Bruno Lima Rocha
Os municípios brasileiros vivem seu momento político de maior tensão. E, no olho do furacão, estão os sindicatos de municipários. Ofertas de composição eleitoral, participação em campanhas e promessas de trabalho no futuro próximo pairam sobre a base sindicalizada. São formas de desmobilização desta categoria, tentando aliciá-la para algum projeto de poder vindo das eleições e não da correlação de força do sindicato na sociedade local. Uma delas é a figura do cargo em comissão, ou cargo de confiança, também conhecido como CC.
Uma das demandas dos servidores públicos municipais é o plano de cargos e salários. O desejo de uma carreira progressiva é algo necessário para motivar todo trabalhador. Quando este se organiza, a idéia toma corpo de plataforma coletiva. A quebra de lealdades se dá na perspectiva de que existe um caminho mais fácil e de solução individual.
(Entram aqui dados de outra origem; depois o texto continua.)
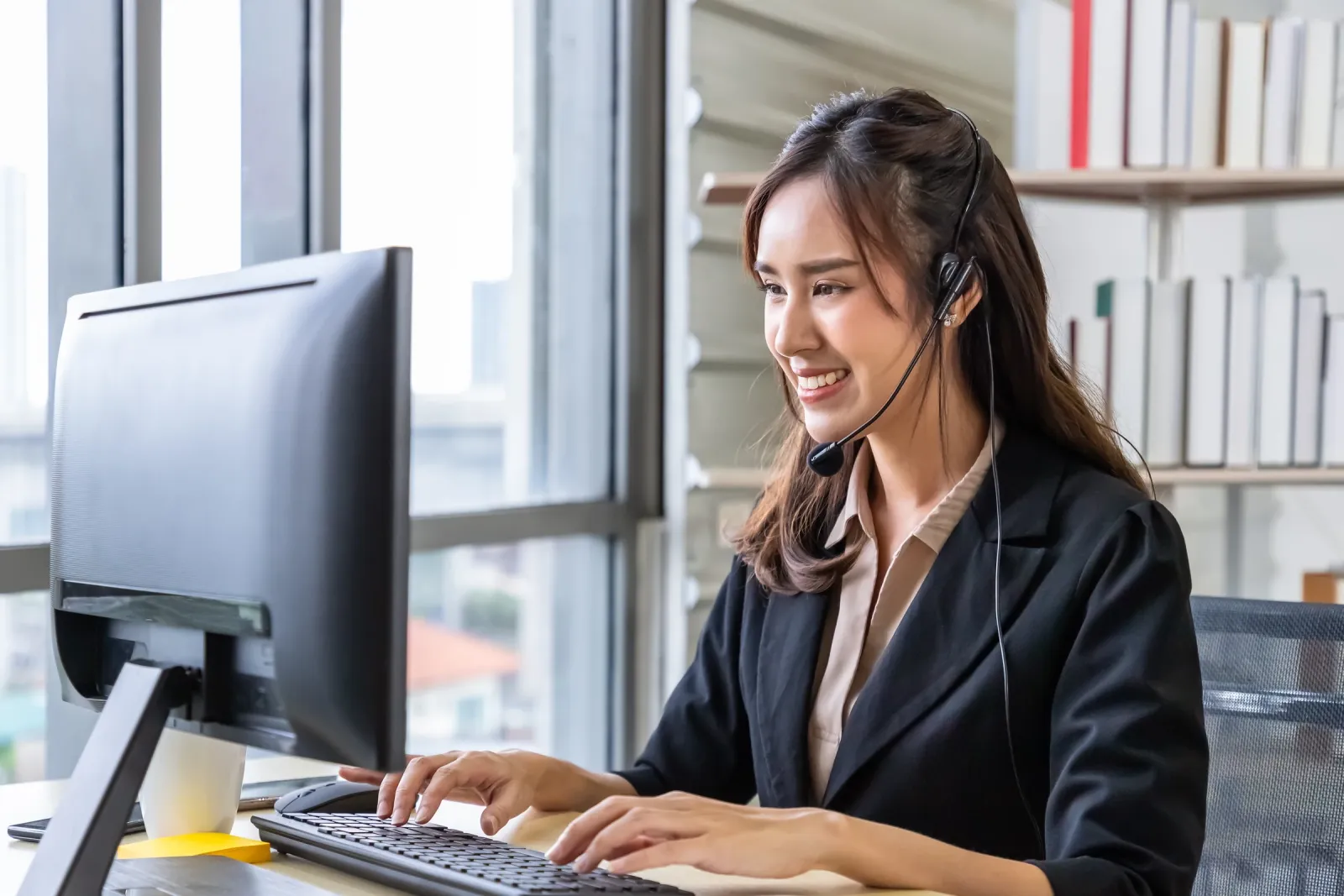 A woman wearing a headset works at a computer.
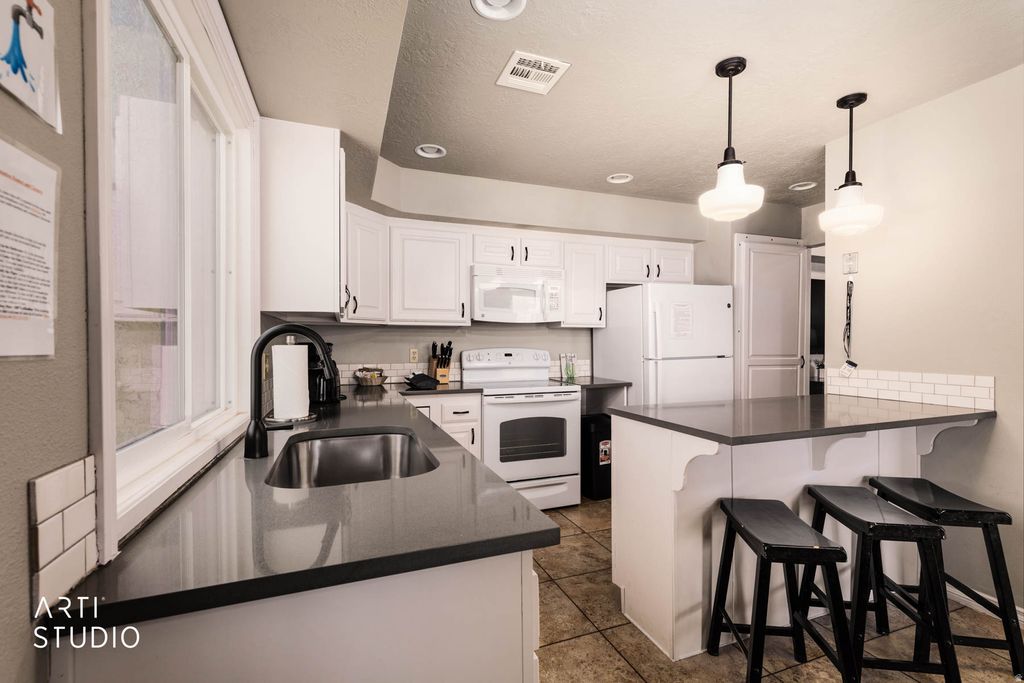 Photo of 860 S VILLAGE RD W #I10, Saint George, UT 84770 (MLS # 2133218)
Qualquer conquista direta, como uma reposição salarial de 15%, é sempre uma via crucis. Implica em risco, perder ponto, ser repreendido, transferido do local de trabalho, fazer greve, organizar protestos, se arriscar a prisão ou violência estatal e paira a possibilidade de não se arrancar nada. Por outro lado, a figura do CC está ali, de corpo presente, ganhando essa diferença a mais e sem os custos de ação coletiva da base sindicalizada. Reforçando o comportamento individualista, o cargo esse é de “confiança” de quem o indicou e não do serviço público local. Imaginem a dúvida na mente de um sindicalizado: “eu me dedico, me organizo, e o fulano aí do lado, se relaciona bem, e ocupa posição superior a minha!”
Mesmo em cidades populosas, a tendência das pessoas da administração pública é se conhecer. Para subir por dentro de forma individual, é preciso saber a quem conhecer e com quem se indispor. As redes de relações são fundamentais para todos os tipos de atividades. Como já afirmei em edições passadas, é nas eleições municipais quando as práticas políticas se aproximam do cidadão comum. É quando jogam com peso em dobro as relações pessoais, os graus de parentesco, amizades e antipatias pouco ou nada explicáveis e favores devidos ou em falta.
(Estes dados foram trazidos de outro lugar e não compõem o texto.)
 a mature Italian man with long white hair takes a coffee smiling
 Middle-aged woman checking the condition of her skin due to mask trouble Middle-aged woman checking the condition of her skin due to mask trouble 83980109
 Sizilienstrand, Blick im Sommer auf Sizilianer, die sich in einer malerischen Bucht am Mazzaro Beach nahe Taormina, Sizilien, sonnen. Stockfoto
Torna-se visível a mobilização nesse período em contraste com outros meses. E o motor da efervescência eleitoral são aqueles cidadãos que alimentam a sociabilidade permanente. Na interna do aparelho de Estado local, quem mais agita é alvo preferencial de tentativa de aliciamento. Quem conhece uma direção sindical de municipários sabe o perfil. Gente simples, muitas secretárias de escola, merendeiras, pessoal do setor de serviços e obras, e quando a categoria tem unidade, existe representação única incluindo os servidores da saúde e educação. Mesmo assim, uma diretoria acaba sendo levada por dois ou três abnegados. Basta que um deles acredite ou pactue com a promessa de CC ou FG para quebrar a espinha dorsal da entidade. Se sair para vereador então, o impacto é maior.
O aliciamento é um remédio infalível contra a organização coletiva. Cansei de ver municipários com boas direções sindicais, mas cuja maioria de diretores era do mesmo partido do prefeito. Resultado corriqueiro, o prefeito se reelege, mas a diretoria perde a eleição sindical. Se um ex-diretor, logo após a derrota, aceita uma função gratificada (FG) na prefeitura, anos de credibilidade construída já é posta em dúvida. Por outro lado, quem se mantém na independência de classe, tem maiores chances de se manter a frente de sua categoria. São escolhas a ser feitas.
Este artigo foi originalmente publicado na Revista Voto, Ano 4, No. 46, Agosto de 2008, na página 70.